Pemimpin ritel perlengkapan rumah tangga terbesar di Indonesia ini, telah sukses menyelenggarakan kompetisi karya seni MR.D.I.Y. Indonesia Art Competition 2025 yang mengusung tema “Identity & Diversity”. Dalam kompetisi perdana yang diselenggarakan ini, mendapatkan antusiasme yang tinggi dari masyarakat Indonesia. Tercatat hingga pendaftaran kompetisi ditutup pada 30 Juni 2025, mendapatkan lebih dari 1.600 peserta dari Aceh hingga Papua serta menerima lebih dari 2.300 karya seni yang masuk.

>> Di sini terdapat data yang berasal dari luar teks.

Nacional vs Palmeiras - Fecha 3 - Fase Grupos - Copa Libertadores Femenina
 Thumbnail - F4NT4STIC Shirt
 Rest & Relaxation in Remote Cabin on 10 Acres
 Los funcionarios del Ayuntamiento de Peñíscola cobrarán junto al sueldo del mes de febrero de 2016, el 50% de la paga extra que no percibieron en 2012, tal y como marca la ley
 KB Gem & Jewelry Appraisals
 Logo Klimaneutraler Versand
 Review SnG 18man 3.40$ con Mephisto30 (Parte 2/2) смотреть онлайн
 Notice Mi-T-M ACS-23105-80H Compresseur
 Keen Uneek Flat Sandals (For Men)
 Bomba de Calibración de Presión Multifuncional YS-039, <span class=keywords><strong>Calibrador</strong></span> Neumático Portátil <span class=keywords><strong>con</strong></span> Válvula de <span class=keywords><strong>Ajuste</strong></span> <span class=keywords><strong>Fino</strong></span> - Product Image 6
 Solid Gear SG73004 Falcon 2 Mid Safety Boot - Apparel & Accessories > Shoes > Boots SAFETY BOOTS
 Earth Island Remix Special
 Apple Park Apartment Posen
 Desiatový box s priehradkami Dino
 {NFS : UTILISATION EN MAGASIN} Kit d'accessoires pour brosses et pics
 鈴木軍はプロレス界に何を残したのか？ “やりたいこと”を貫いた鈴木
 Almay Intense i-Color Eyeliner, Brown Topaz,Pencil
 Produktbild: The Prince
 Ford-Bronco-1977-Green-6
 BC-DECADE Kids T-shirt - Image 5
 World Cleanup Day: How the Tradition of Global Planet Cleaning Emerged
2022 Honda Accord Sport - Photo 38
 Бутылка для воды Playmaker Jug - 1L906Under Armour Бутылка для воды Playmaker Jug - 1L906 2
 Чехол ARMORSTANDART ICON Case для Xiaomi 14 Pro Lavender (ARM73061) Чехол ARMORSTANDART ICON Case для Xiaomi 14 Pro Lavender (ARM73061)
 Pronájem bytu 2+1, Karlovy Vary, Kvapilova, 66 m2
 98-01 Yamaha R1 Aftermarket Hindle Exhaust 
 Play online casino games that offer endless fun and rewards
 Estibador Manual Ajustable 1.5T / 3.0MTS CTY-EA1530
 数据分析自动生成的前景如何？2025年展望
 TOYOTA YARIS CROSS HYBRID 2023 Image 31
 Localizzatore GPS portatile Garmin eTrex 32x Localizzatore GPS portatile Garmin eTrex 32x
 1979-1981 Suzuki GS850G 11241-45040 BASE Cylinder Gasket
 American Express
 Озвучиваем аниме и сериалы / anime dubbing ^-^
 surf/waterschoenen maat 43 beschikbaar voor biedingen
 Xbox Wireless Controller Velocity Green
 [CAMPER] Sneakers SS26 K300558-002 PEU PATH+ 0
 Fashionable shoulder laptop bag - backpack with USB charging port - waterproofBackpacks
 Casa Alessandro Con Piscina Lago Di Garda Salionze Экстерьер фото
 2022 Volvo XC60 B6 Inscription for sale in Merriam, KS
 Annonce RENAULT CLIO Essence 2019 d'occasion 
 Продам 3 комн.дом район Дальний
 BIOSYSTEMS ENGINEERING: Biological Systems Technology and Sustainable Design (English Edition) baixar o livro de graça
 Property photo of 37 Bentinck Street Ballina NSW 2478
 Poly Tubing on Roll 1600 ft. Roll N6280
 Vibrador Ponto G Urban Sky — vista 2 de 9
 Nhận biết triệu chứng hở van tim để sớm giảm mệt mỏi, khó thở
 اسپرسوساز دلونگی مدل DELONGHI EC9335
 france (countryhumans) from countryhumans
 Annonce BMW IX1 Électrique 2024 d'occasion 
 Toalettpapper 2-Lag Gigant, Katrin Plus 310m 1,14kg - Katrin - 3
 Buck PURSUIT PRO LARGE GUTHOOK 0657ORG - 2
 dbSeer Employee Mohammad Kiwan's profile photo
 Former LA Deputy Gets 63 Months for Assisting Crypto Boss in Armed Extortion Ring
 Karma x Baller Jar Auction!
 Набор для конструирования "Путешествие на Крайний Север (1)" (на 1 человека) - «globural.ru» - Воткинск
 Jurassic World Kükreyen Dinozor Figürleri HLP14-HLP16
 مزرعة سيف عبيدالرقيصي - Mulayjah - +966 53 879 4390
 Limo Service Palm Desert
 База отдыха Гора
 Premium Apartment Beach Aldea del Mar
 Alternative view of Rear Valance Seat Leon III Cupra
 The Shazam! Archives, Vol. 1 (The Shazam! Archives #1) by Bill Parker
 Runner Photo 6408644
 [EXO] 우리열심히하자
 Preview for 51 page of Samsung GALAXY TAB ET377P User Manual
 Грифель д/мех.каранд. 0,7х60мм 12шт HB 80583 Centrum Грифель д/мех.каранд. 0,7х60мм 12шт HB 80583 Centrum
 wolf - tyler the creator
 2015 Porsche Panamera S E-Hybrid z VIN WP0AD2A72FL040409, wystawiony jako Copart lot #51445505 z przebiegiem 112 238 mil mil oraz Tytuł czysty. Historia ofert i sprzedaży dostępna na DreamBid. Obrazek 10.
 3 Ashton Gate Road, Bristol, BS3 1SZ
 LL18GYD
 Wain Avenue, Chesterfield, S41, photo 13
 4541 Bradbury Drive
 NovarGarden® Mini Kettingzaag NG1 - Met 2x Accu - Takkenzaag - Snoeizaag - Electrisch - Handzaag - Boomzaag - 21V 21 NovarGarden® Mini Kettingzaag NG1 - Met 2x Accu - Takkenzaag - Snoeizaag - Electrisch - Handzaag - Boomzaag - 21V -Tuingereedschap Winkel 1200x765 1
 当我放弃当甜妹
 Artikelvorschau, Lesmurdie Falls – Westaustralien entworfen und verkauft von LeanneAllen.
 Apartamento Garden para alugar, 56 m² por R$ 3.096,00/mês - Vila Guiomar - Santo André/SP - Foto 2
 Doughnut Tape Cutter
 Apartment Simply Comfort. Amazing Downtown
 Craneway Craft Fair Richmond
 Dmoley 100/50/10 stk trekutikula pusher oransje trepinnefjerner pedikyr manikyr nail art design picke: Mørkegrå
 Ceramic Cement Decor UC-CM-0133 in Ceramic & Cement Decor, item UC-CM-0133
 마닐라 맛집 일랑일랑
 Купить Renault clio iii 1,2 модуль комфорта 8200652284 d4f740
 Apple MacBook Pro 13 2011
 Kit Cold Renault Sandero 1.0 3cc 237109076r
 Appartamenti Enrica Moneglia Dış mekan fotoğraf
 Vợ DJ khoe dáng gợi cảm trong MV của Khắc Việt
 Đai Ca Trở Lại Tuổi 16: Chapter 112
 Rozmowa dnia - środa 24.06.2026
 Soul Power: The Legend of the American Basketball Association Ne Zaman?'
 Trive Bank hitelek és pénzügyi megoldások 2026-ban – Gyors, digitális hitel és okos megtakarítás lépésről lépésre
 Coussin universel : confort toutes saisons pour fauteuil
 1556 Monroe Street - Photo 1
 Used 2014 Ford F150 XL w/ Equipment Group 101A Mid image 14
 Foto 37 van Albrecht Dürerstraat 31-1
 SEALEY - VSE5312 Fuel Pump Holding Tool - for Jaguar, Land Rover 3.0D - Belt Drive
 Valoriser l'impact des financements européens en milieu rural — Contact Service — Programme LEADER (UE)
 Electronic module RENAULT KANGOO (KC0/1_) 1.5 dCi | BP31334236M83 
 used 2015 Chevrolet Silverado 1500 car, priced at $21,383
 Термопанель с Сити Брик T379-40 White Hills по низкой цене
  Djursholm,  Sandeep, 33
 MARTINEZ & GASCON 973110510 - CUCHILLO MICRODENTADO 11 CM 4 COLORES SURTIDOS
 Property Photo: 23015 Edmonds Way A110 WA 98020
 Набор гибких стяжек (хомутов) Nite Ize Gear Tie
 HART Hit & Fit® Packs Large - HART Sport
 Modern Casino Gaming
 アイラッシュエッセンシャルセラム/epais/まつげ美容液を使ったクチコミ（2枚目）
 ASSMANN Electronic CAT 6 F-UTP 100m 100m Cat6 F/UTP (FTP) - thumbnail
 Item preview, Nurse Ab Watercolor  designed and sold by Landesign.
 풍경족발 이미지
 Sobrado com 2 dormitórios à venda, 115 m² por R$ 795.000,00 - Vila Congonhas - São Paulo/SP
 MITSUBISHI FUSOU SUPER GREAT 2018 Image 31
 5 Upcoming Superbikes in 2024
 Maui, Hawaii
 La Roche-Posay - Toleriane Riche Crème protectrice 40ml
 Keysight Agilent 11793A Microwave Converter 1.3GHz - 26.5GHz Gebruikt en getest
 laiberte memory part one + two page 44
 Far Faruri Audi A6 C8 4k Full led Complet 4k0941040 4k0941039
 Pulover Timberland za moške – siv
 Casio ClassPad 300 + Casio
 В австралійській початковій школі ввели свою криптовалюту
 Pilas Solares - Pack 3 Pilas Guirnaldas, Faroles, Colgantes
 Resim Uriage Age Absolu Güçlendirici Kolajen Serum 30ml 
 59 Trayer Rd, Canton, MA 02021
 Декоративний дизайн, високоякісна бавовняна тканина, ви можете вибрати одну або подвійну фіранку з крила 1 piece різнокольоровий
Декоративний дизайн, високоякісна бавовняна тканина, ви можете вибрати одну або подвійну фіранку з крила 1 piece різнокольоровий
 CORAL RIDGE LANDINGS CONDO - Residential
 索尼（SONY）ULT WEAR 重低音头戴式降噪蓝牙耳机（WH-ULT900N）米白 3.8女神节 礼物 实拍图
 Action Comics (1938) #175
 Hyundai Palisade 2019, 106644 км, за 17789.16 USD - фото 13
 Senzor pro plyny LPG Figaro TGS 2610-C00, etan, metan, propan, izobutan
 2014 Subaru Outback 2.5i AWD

Edwin Cheah, Direktur Utama MR.D.I.Y. Indonesia, menyampaikan, “Kami sangat berterima kasih atas antusiasme dan semangat masyarakat Indonesia. Ribuan karya yang kami terima membuktikan bahwa seni memiliki kekuatan untuk menyuarakan keberagaman dan mempererat kebersamaan. Kami sangat mengapresiasi semangat, kreativitas, dan ekspresi autentik yang dituangkan para peserta dalam setiap karya mereka. Ini menjadi bukti bahwa seni tidak hanya menjadi ruang ekspresi, tetapi juga jembatan untuk merayakan identitas dan keberagaman.”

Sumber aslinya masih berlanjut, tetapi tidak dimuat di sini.